Elwin Ira Rollins (October 9, 1926 – July 27, 1996) was a professional Canadian ice hockey goaltender who played for the Chicago Black Hawks, New York Rangers and the Toronto Maple Leafs.

Playing career
Before joining the NHL, Rollins played with the Vancouver Canucks in the PCHL. Next year, Rollins at age 21, moved to Edmonton to play for the Edmonton Flyers. Rollins believed the Flyers were a team capable of capturing the Allan Cup and he also believed if he played well enough he might get signed into the NHL. Rollins' gamble paid off and the Edmonton Flyers won the Allan Cup in 1947–48. He played 24 games that season, winning 20 and posting a 1.93 GAA.

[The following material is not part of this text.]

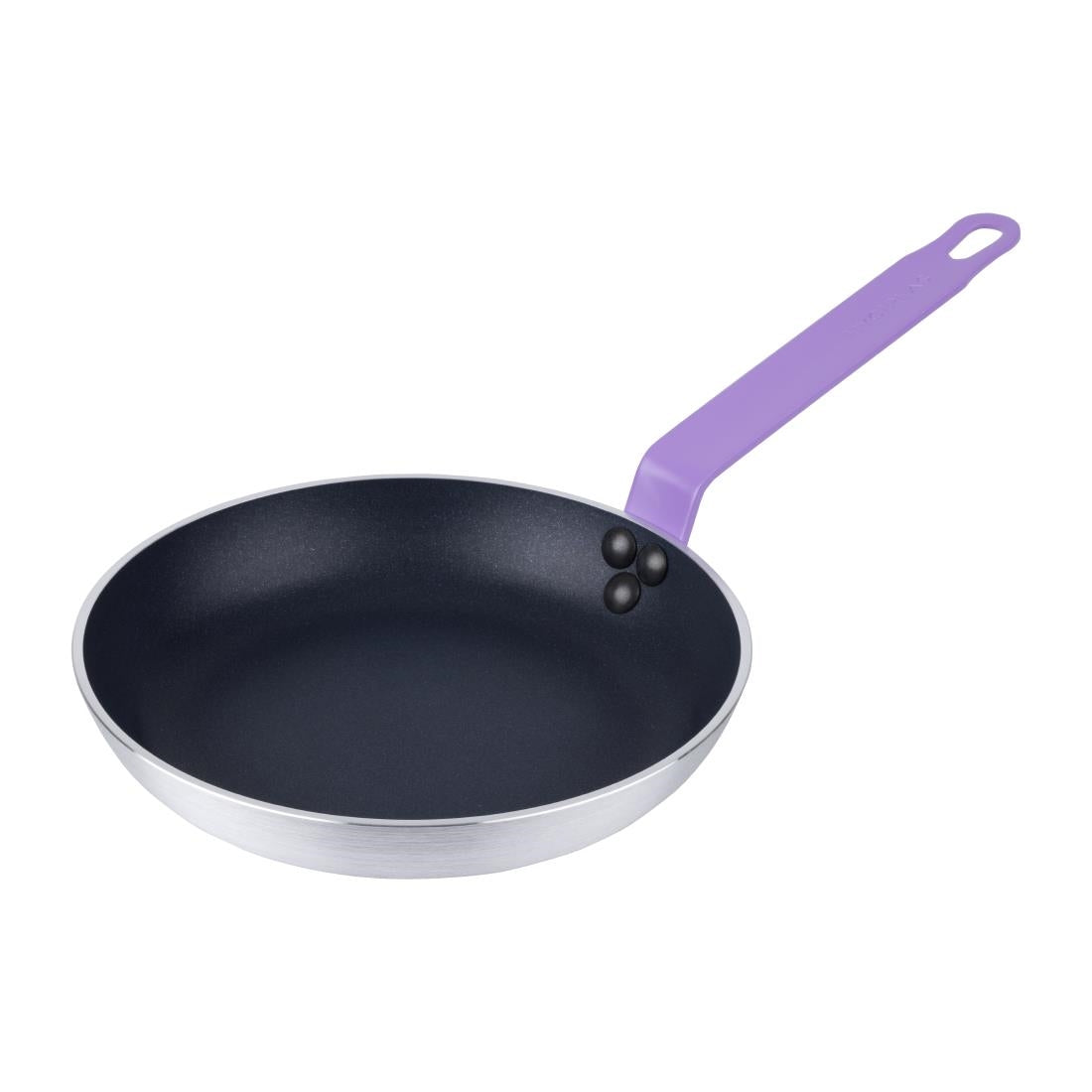 HT968 Hygiplas Aluminium Non-Stick Teflon Platinum Plus Frying Pan with Purple Handle 24cm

Rollins played in the minor leagues for a couple of years before he was signed by the Toronto Maple Leafs in 1950–51. Rumors had it that he was there to simply put pressure on Turk Broda to lose weight. This was not exactly true as the Leafs also needed to shore up their rapidly thinning goaltender depth chart. That season the Maple Leafs won the Stanley Cup.

Rollins could not convince the Leafs management that he could be their full-time goaltender. In 1951–52, he was traded to the Chicago Black Hawks for veteran Harry Lumley. For five years he played for the Black Hawks, a team that usually finished last in the NHL which majorly contributed to his 141-205-83 record. But despite that, hockey pundits saw Rollins as one of the league's best goaltenders and in 1953–54 he played in the NHL All-Star Game and was awarded the Hart Trophy, even though he only won 12 games and lost 47 that season.

Rollins is, as of 2020, one of three eligible players, along with Tommy Anderson and Jose Theodore, to win the Hart Memorial Trophy and not be elected to the Hockey Hall of Fame.

In 1957–58, the Chicago Black Hawks acquired Glenn Hall from the Detroit Red Wings. Rollins was sent to the minor leagues as the Black Hawks preferred Hall. He would stay in the minor leagues until 1959–60, when he was signed on by the New York Rangers. He played 10 games with the club before he was sent back to the minor leagues again. This would mark the end of his NHL career. In 1966, although he was 37 years old, Rollins helped the Drumheller Miners to an Allan Cup victory in 1965–66.

Coaching career
After retiring, Rollins became a coach. He coached the University of Calgary hockey team as well as clubs in Spokane, Salt Lake City, Houston, Tulsa and Phoenix. As a coach, he achieved a good measure of success, including an Allan Cup victory with the Spokane Jets in 1970.  Rollins was named coach of the World Hockey Association's (WHA) Phoenix Roadrunners in 1976, replacing local favourite Sandy Hucul. Rollins was generally hated in Phoenix after his years as coach of the WHL rival Salt Lake Golden Eagles, and his tenure in Phoenix resulted in the demise of the Roadrunner franchise after only one season at the helm.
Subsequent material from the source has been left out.